Sé racista, sale gratis
Hace cinco años Soly Ibrahima Diebate y Salif Sy, dos jóvenes negros, decidieron ir de fiesta a una discoteca albaceteña, la localidad en la que residían. “Mi jefe es racista y no quiere que entren negros”, les contestó el portero en la puerta del local para denegarles el acceso. Cinco años después, tras la negación del derecho a la hoja de reclamaciones, una denuncia a la Policía Nacional y el apoyo de cinco testigos del incidente, la justicia ha concluido que aquel hecho, cinco años después, equivale a quince meses de inhabilitación y 1.200 euros euros de multa tanto para el dueño de la discoteca como para el portero.
Con haber ahorrado 20 euros mensuales desde que prohibieron la entrada a Soly y Salif hasta el momento de la sentencia, ambos hubieran podido pagar hoy la multa en cómodos plazos. La inhabilitación, tras cinco años en los que ambos podrían haber redirigido su carrera estudiando un grado y un máster, quedaría en agua de borrajas.
La historia viene a cuento de la inmunidad existente en España cuando hablamos de racismo, de lo barata que es la discriminación. En pleno Siglo XXI, año 2016 y veinticuatro años después de la muerte de Lucrecia Pérez, el primer asesinato racista reconocido en España, no podemos decir que haya contundencia contra el racismo ni que persiga el odio por color de piel, origen o ambas.
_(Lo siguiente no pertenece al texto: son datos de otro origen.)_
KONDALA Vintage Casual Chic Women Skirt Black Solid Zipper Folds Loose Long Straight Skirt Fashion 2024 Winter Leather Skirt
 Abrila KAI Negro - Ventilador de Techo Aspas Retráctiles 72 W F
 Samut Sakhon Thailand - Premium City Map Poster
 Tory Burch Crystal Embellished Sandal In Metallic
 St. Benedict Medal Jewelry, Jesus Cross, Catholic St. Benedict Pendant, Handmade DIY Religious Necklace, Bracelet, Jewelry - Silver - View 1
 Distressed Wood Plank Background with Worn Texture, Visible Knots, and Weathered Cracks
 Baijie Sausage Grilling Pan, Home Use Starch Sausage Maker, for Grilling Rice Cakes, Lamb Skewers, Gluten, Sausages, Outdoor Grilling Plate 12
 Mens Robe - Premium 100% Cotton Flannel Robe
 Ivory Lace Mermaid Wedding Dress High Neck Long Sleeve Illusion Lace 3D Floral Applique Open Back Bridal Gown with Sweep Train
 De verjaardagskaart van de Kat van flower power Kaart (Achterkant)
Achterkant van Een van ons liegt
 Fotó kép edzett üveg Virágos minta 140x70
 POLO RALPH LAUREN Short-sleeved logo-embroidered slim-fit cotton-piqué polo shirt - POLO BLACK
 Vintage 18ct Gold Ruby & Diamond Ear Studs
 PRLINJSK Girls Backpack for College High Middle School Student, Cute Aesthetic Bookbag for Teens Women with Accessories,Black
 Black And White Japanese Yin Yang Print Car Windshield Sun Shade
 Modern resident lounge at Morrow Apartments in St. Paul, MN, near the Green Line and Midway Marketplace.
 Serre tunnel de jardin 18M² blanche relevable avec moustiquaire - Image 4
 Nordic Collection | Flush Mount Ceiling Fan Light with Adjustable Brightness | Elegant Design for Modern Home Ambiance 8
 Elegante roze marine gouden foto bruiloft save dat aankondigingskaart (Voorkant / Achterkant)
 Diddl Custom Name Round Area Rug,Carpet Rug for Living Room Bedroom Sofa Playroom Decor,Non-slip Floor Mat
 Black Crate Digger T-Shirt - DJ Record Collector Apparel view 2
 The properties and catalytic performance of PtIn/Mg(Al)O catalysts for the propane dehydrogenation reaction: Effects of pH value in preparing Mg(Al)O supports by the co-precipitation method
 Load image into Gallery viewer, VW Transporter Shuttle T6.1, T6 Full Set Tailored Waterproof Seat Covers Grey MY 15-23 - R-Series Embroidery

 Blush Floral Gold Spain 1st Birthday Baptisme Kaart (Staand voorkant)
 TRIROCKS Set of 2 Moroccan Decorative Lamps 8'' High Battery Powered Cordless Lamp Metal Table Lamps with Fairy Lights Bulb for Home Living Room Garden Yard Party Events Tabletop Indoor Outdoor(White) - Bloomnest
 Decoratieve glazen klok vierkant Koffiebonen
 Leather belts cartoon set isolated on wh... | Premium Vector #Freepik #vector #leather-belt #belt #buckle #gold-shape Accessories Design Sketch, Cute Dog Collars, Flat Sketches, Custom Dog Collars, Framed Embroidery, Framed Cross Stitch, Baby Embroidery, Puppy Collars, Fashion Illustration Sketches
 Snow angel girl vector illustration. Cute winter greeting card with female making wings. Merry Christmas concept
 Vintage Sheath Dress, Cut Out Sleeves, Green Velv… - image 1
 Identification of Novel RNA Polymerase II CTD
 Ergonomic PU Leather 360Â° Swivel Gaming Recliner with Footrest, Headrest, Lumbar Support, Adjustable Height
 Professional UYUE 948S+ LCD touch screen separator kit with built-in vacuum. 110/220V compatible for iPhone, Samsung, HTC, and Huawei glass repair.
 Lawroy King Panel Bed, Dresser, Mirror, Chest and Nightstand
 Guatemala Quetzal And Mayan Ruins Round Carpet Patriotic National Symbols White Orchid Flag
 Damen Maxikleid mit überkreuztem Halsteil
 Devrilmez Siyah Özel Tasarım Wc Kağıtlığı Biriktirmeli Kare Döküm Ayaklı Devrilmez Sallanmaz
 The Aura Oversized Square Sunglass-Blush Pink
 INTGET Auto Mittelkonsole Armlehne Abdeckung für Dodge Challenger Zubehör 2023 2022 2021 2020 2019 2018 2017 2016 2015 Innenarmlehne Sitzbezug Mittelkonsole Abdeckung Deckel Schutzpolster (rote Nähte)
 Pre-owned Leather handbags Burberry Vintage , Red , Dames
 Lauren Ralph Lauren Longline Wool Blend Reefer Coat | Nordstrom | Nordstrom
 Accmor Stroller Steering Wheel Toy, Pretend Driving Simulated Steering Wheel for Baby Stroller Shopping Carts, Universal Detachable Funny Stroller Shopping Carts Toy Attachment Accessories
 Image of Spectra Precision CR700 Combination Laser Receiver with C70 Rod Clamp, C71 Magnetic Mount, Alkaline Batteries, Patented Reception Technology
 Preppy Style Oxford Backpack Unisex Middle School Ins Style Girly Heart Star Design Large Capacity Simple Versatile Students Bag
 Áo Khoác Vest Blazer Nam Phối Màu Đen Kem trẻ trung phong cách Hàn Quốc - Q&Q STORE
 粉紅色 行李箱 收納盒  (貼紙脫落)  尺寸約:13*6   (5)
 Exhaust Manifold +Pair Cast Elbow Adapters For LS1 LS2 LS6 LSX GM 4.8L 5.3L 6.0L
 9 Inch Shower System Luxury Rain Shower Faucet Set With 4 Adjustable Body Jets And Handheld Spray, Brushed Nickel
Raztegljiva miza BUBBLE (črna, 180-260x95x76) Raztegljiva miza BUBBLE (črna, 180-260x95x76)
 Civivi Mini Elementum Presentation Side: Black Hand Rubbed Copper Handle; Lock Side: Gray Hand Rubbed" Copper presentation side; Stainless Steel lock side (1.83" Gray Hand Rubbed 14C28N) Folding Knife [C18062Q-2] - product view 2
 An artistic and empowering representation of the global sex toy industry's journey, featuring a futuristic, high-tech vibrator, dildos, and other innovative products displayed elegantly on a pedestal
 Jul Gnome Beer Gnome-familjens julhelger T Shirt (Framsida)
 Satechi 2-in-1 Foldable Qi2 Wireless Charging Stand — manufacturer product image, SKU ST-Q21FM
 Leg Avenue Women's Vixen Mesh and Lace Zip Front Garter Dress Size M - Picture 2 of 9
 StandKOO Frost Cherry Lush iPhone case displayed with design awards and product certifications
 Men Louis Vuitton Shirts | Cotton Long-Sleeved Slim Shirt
Ni por asomo.
La pasividad de la justicia y el Estado ante el racismo tiene la misma efectividad que una campaña publicitaria bajo el lema “Sé racista, sale gratis”. Distintas formas, iguales resultados y las mismas víctimas de siempre.
El pasado mes de julio recibí unas amenazas por Twitter que denuncié ante la Policía. Tres meses después, ni siquiera la denuncia ha llegado a la red social, la misma que debería proporcionar los datos de las personas que cometieron un delito para poder juzgarlas. Los plazos de la compañía americana varían, pero nunca tardan menos de un mes en contestar, lo que en ningún caso garantiza que la respuesta sea positiva.
Ahora, tras recibir amenazas de muerte, uno se cuestiona la efectividad de la denuncia. De qué me sirve reportar a la justicia un hecho sobre el que inclinará su balanza a los siete meses o a los cinco años con un tratamiento digno de conflicto vecinal. Obviando además que de piso te puedes cambiar, pero no de color de piel.
Y en eso tienen su responsabilidad nuestros dirigentes, equipos de monocolor blanco y actuaciones a golpe de desgracia, como las medidas contra la homofobia tomadas cada vez que un intolerante pegaba una paliza a un gay, y no en previsión para evitar las agresiones. No se nos debe olvidar que a su llegada al Gobierno, el Partido Popular guardó en el fondo del cajón una Ley Integral contra los Delitos de Odio y Discriminación. Allí se proponían mecanismos más especializados en estos temas y, sobre todo, se otorgaban herramientas de protección a una sociedad cada vez más diversa.
De ahí que si nos preguntan si queremos denunciar los casos de racismo, diremos que sí, pero debemos exigir plenas garantías y el compromiso de que se hará justicia con celeridad y contundencia. Y si me preguntan el porqué de este alegato, la respuesta es sencilla: no quiero que ocurra una desgracia para cambiar una circunstancia poco efectiva. Querría que gracias a la justicia, Soly y Salif pudieran entrar en esa discoteca a la semana siguiente, y no a los cinco años, sabiendo que esas dos personas nunca les volverían a discriminar por ser negros. Que el odio hacia tu origen o color de piel sea castigado con todo el peso de la ley sin paliativos. Y por supuesto evitar que, como ocurre en mi caso, nunca nos tengamos que plantear si denunciar o no ante la perspectiva de que, si cae la balanza blanca de la justicia, será de manera lenta y por el lado racista.